Is it possible to use target row to initialize a Spark UDAF? - python

I have a problem that I am trying to solve in Spark by defining my own UDAF by trying to mimic the recommendations given here and here. My eventual goal is to apply a series of complex bit-shifting and bit-wise boolean manipulations to a sequence of integers within a given window.
I am having issues since my use-case is on a fairly large dataset (~100million rows, for which I need to perform 6 such bit-wise manipulations on groups ranging from 2-7 elements long), and am therefore trying to implement this in scala. Problem is that I'm brand new to scala (my primary language being python), and while scala itself doesn't seem that difficult, the combination of both a new language plus specifics of the UDAF class itself as applied to windows is leaving me a little stumped.
Explaining the logic by example in python/pandas
To make the question more concrete, consider a pandas DataFrame:
keep = list(range(30))
for num in (3, 5, 11, 16, 22, 24):
keep.pop(num)
np.random.seed(100)
df = pd.DataFrame({
'id': 'A',
'date': pd.date_range('2018-06-01', '2018-06-30')[keep],
'num': np.random.randint(low=1, high=100, size=30)[keep]
})
Which produces:
id date num
0 A 2018-06-01 9
1 A 2018-06-02 25
2 A 2018-06-03 68
3 A 2018-06-05 80
4 A 2018-06-06 49
5 A 2018-06-08 95
6 A 2018-06-09 53
7 A 2018-06-10 99
8 A 2018-06-11 54
9 A 2018-06-12 67
10 A 2018-06-13 99
11 A 2018-06-15 35
12 A 2018-06-16 25
13 A 2018-06-17 16
14 A 2018-06-18 61
15 A 2018-06-19 59
16 A 2018-06-21 10
17 A 2018-06-22 94
18 A 2018-06-23 87
19 A 2018-06-24 3
20 A 2018-06-25 28
21 A 2018-06-26 5
22 A 2018-06-28 2
23 A 2018-06-29 14
What I would like to be able to do is, relative to the current row, find the number of days, then perform some bit-wise manipulations based on that value. To demonstrate, staying in pandas (I will have to do a full outer join then filter to demonstrate):
exp_df = df[['id', 'date']].merge(df, on='id') \ # full outer join on 'id'
.assign(days_diff = lambda df: (df['date_y'] - df['date_x']).dt.days) \ # number of days since my date of interest
.mask(lambda df: (df['days_diff'] > 3) | (df['days_diff'] < 0)) \ # nulls rows where days_diff isn't between 0 and 3
.dropna() \ # then filters the rows
.drop('date_y', axis='columns') \
.rename({'date_x': 'date', 'num': 'nums'}, axis='columns') \
.reset_index(drop=True)
exp_df[['nums', 'days_diff']] = exp_df[['nums', 'days_diff']].astype('int')

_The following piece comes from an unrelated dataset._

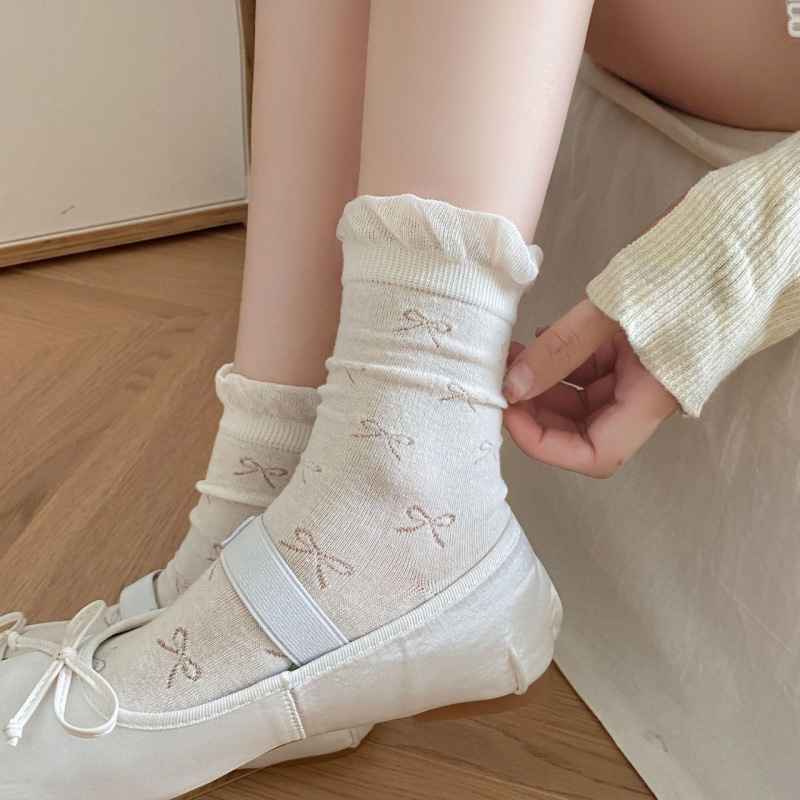 boneless socks women's thin hollow tube socks bow ballet style women's socks japanese style bubble mouth lace pile socks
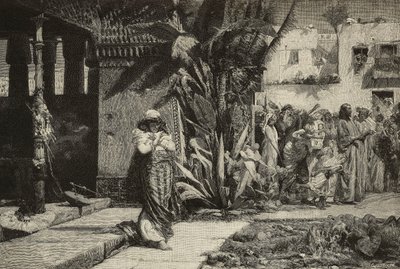 Magdalene, woman with turban and procession in Middle Eastern village, engraving by Cantagalli brothers from painting by Giovanni Muzzioli, Modena, Italy from L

Now I perform my bit-wise shifting and other logic:
# Extra values to add after bit-wise shifting (1 for shift of 1, 3 for shift of 2 ...)

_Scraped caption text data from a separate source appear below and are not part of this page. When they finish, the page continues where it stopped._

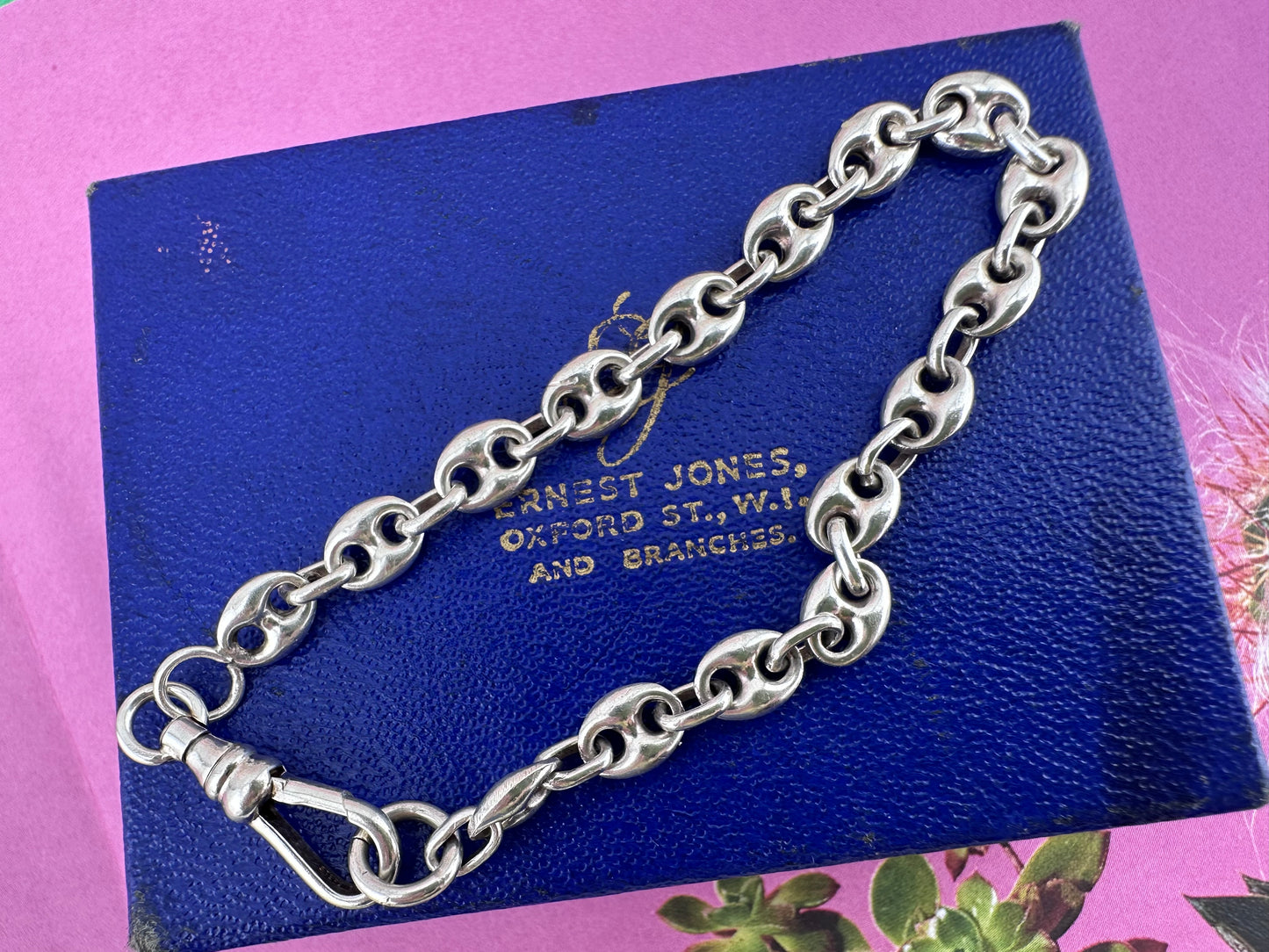 Sterling Silver Puffy mariner bracelet with dog clip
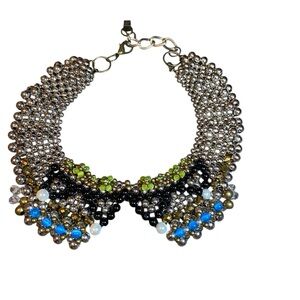 Anthropologie Pam Hiran Sparked Agate Beaded Bib Collar Necklace Silver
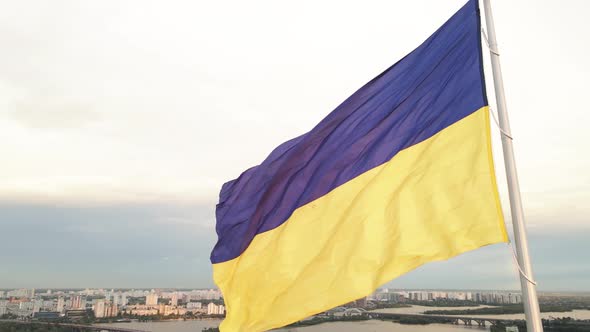 Kyiv - National Flag of Ukraine By Day. Aerial View. Kiev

additions = {val: sum(2**power for power in range(val)) for val in exp_df['days_diff'].unique()}
exp_df['shifted'] = np.left_shift(exp_df['nums'].values, exp_df['days_diff'].values) \
+ exp_df['days_diff'].apply(lambda val: additions[val])

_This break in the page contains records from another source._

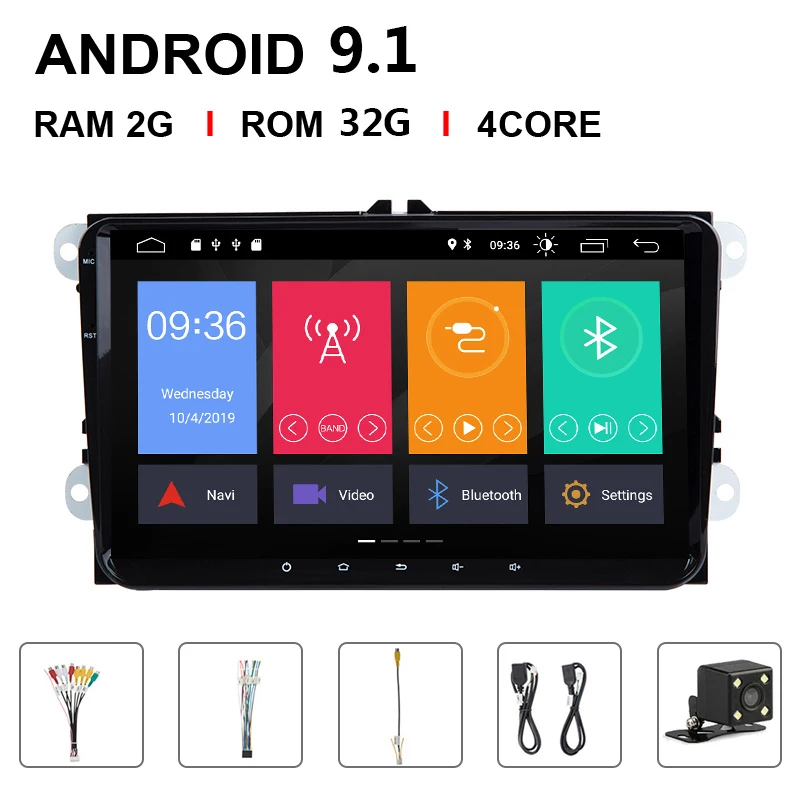 Android 9,1 2 Din автомагнитола 9 ''2Din универсальный автомобильный Автомагнитола gps мультимедийный плеер для Фольксваген Поло ПАССАТ Гольф Джетта - Цвет: 2 32G Camera
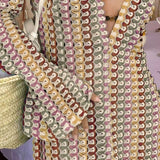 Boho V Neck Bell Sleeve Wavy Striped Crochet Beach Vacation Maxi Dress - Brown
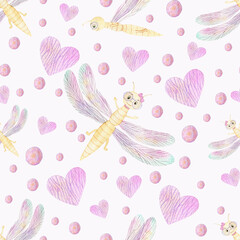 Watercolor pattern on a white background. Cartoon dragonflies with big glasses, hearts and gradient balloons
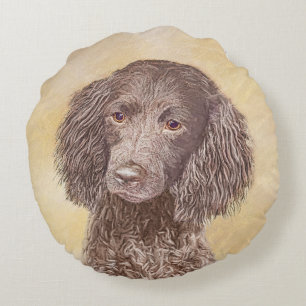 American Water Spanel Malerei - Original Dog Art Rundes Kissen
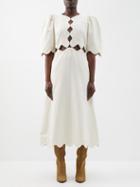 Sea - Leona Scalloped-trim Cotton-blend Midi Dress - Womens - Ivory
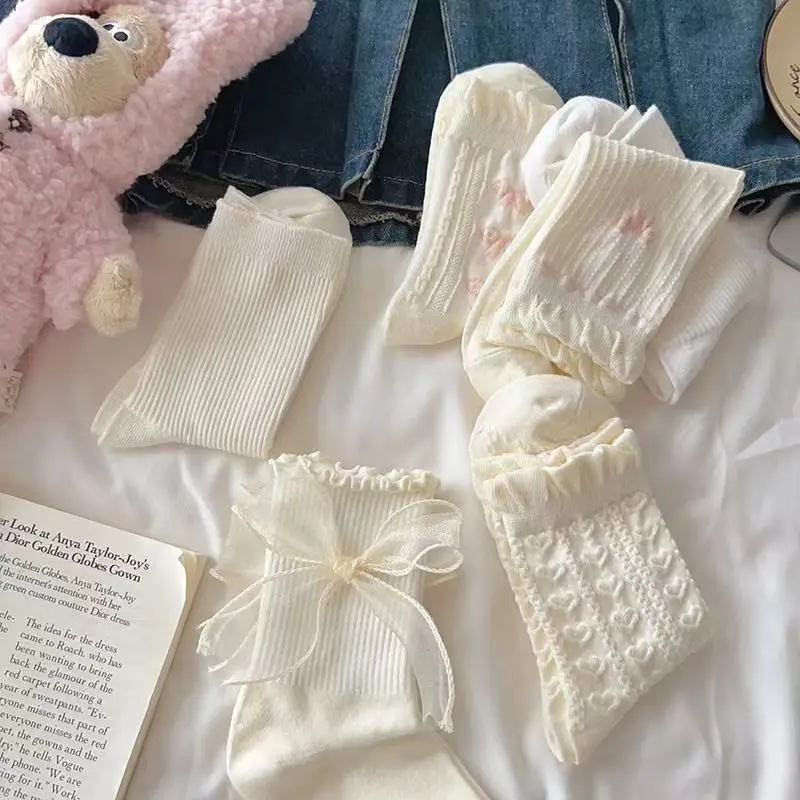 Ensemble de 6 paires de chaussettes Coquette blanches de Style coréen pour femmes, chaussettes d'automne mignonnes japonaises JK avec volants en dentelle, chaussettes mi-tube pour filles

After all this, exp_df looks like the following (first 10 rows):
id date nums days_diff shifted
0 A 2018-06-01 9 0 9
1 A 2018-06-01 25 1 51
2 A 2018-06-01 68 2 275
3 A 2018-06-02 25 0 25
4 A 2018-06-02 68 1 137
5 A 2018-06-02 80 3 647
6 A 2018-06-03 68 0 68
7 A 2018-06-03 80 2 323
8 A 2018-06-03 49 3 399
9 A 2018-06-05 80 0 80
Now I can aggregate:
exp_df.groupby('date')['shifted'].agg(lambda group_vals: np.bitwise_and.reduce(group_vals.values)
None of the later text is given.